Open-die forging is a key process for manufacturing large components such as generator shafts and crankshafts for ship engines. Despite its industrial relevance, the process remains dependent on manual labour and operator expertise, leading to challenges in process stability, reproducibility, and efficiency. Traditional automation approaches are impractical due to the high variability and low production volumes typical of open-die forging. At the Institute of Metal Forming (IMF) at the TU Bergakademie Freiberg, a novel concept for autonomous open-die forging has been developed and tested. The system combines conventional forging equipment with advanced technologies, including industrial robotics, 3D laser scanning, thermal imaging, and modular control software.
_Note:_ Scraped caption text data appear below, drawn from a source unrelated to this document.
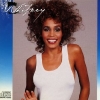 Whitney Houston Album Covers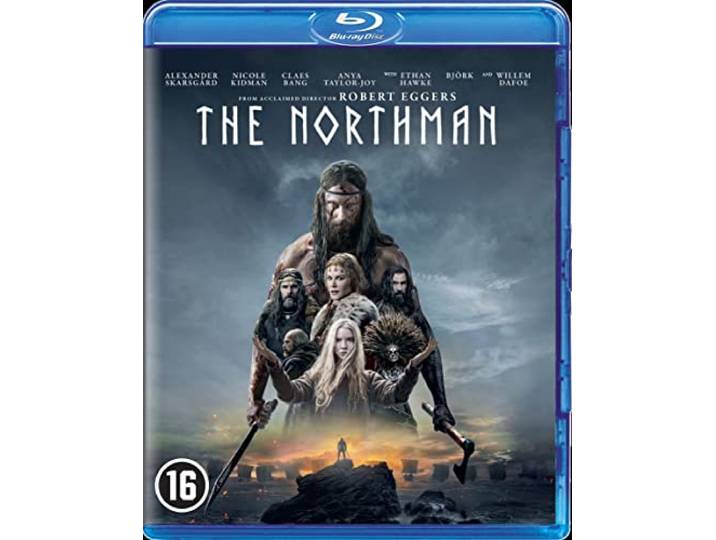 NORTHMAN, THE (SBD)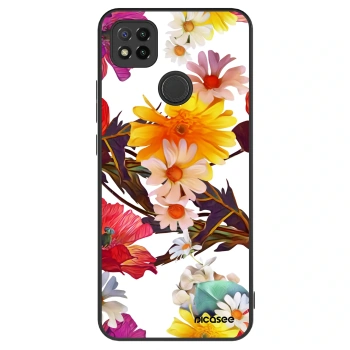 Hülle für Xiaomi Redmi 9C - Meadow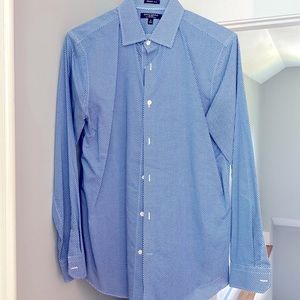 Banana Republic Grant Fit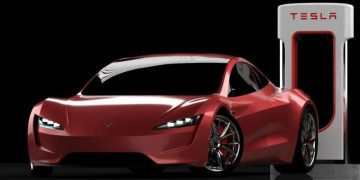 Where Does Tesla Get its Lithium?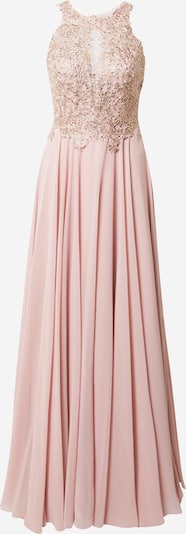 LUXUAR Evening Dress in Pink, Item view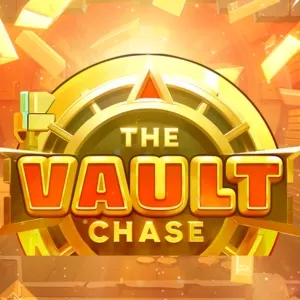 Caça-níqueis The-Vault-Chase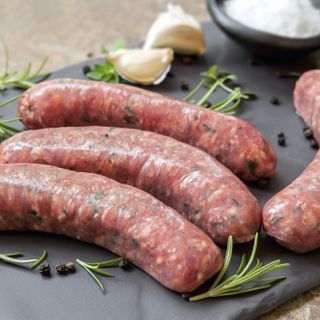 Boerewors - 100g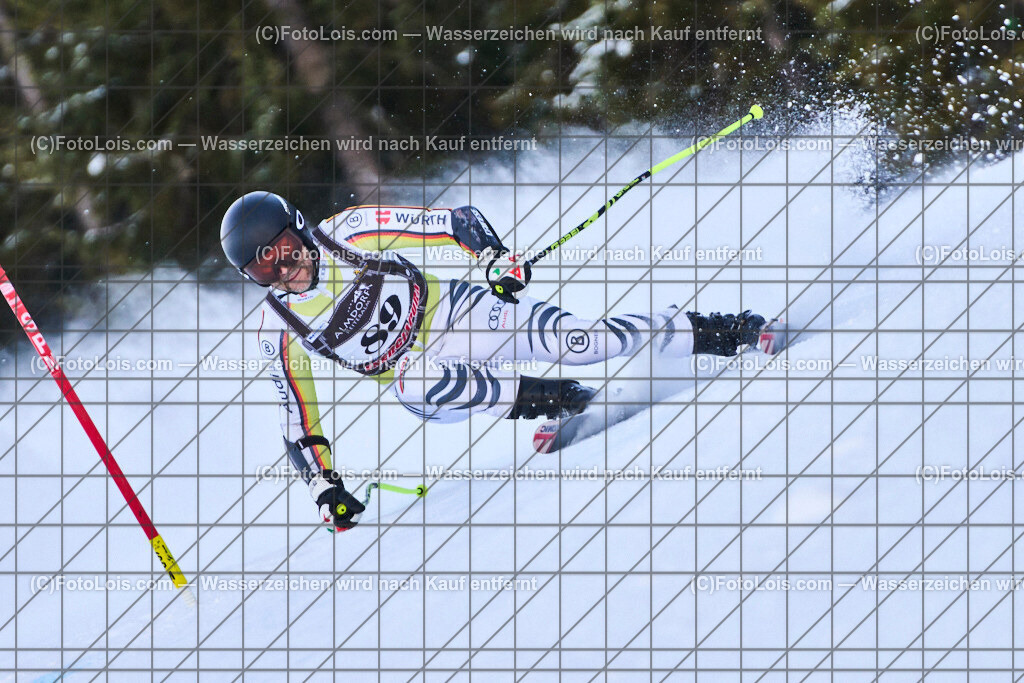 ALP6887_FIS-MastersCup_Reiteralm_SuperG_Berto Flavio | FIS-MastersCup Super-G auf der Reiteralm in Pichl, Fr 17. Jänner 2025.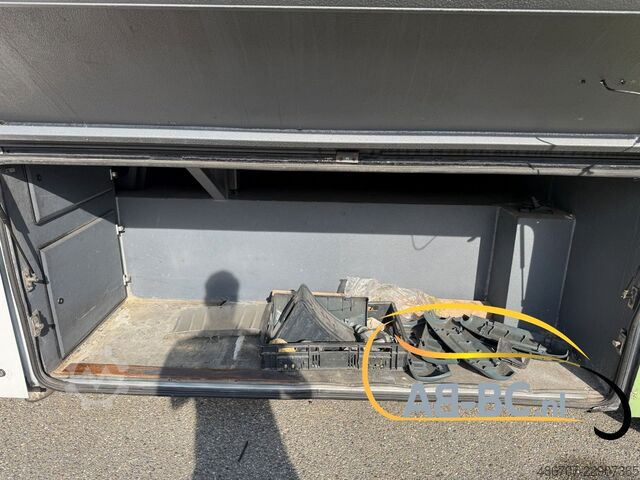 Reisebus IVECO CC150E25FP - Dayron, 41 Sitze, Euro 5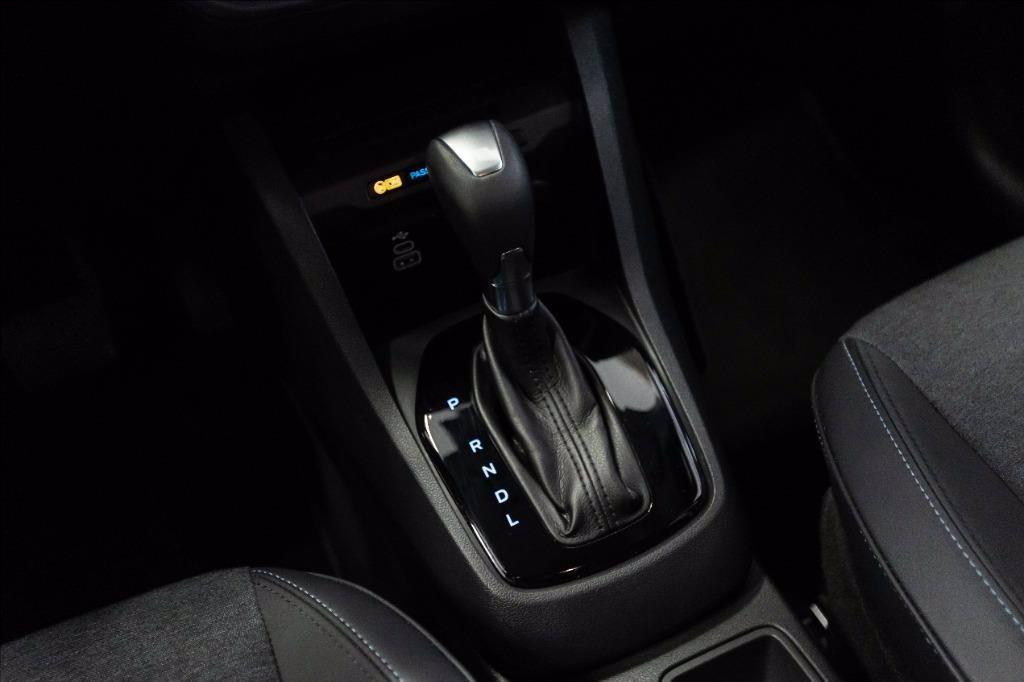 FORD Tourneo Courier II 1.0 ecoboost 125cv Active powershift del 2024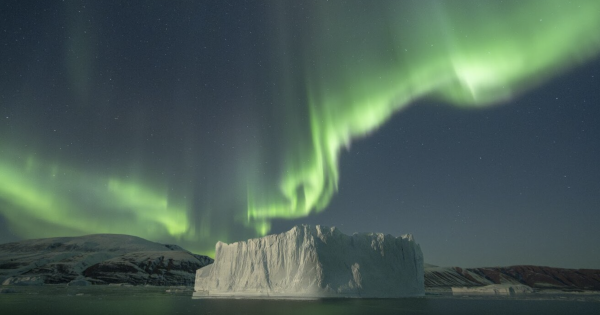 Secret Atlas Unveils Two New Expedition Micro Cruises to Capture the Arctic’s Northern Lights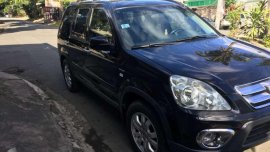 Honda Crv 2005 model for sale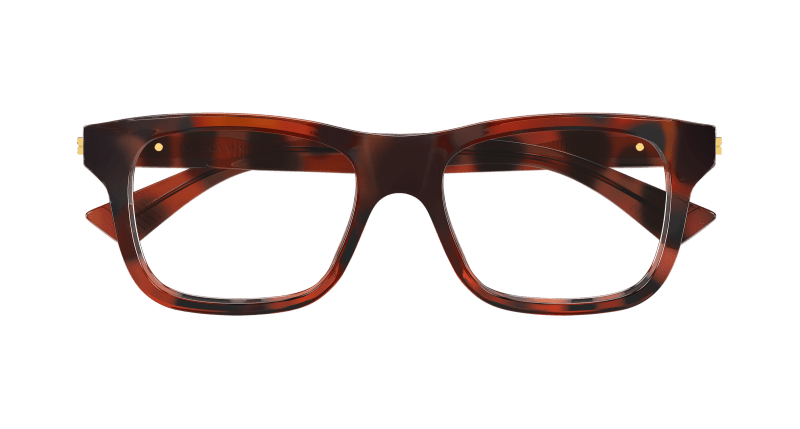 BV1412O - HAVANA - Bottega Veneta - Bottega Veneta - HAVANA - Ardor Eyewear 889652591230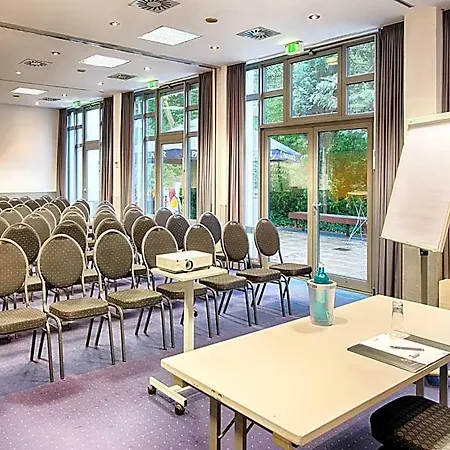 Achat Airport Messe Hotel Stuttgart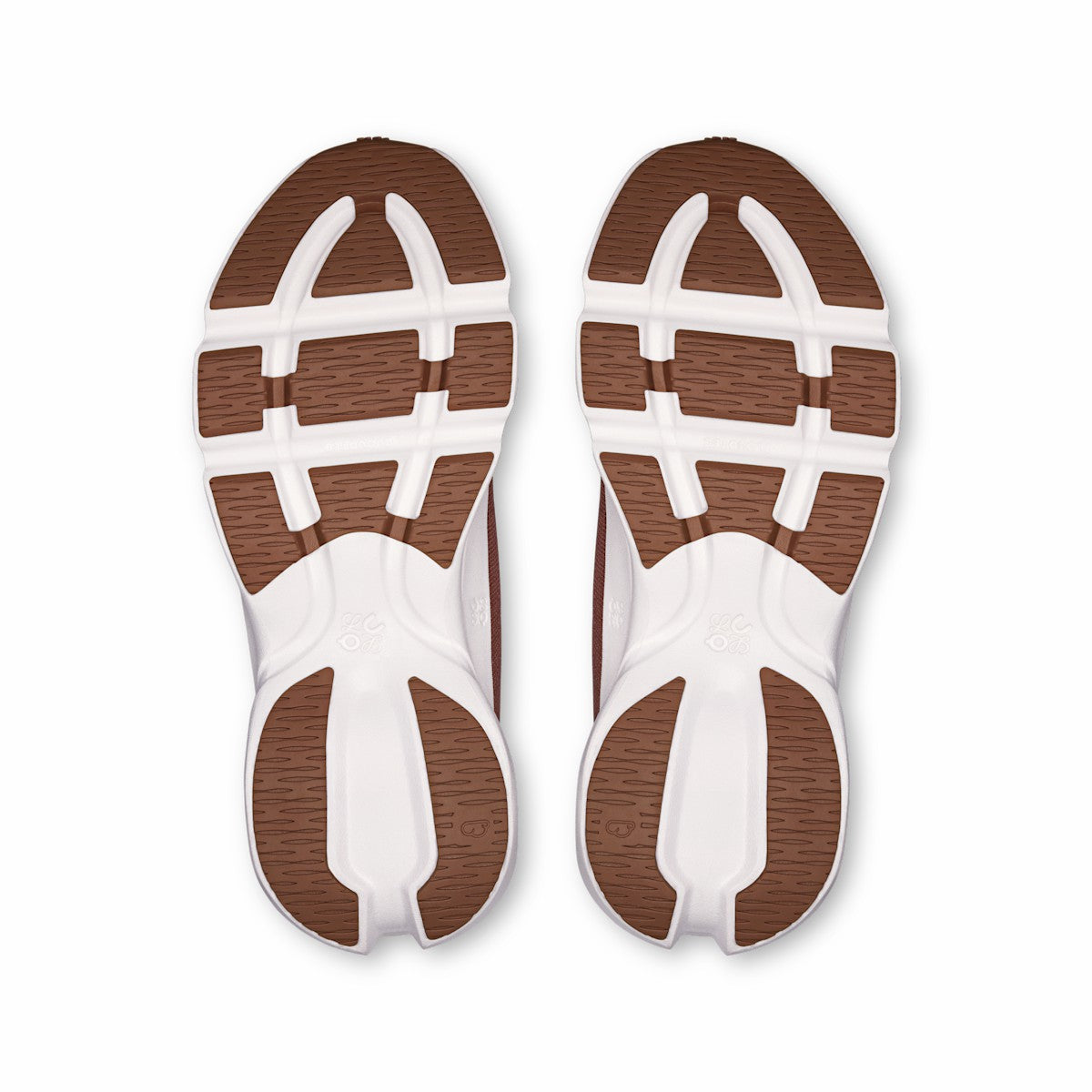 Women's Cloudsolo LOEWE - Taupe/Eggshell | On United States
Central to the concept is a robot cell operating as a distributed system, where sensor data is used to create a digital twin of the workpiece. This enables adaptive process planning and real-time autonomous operative adjustments. A process planning tool generates pass sequences and commands for manipulator movements, while an electromechanical interface allows indirect control of the forging press. The modular software architecture, coordinated by a central core-module, ensures flexibility and facilitates integration into different production environments. Initial trials demonstrate the system’s potential to improve process stability and quality while reducing dependency on manual operation. Ongoing work focuses on refining the concept to meet industrial requirements and support advanced material applications.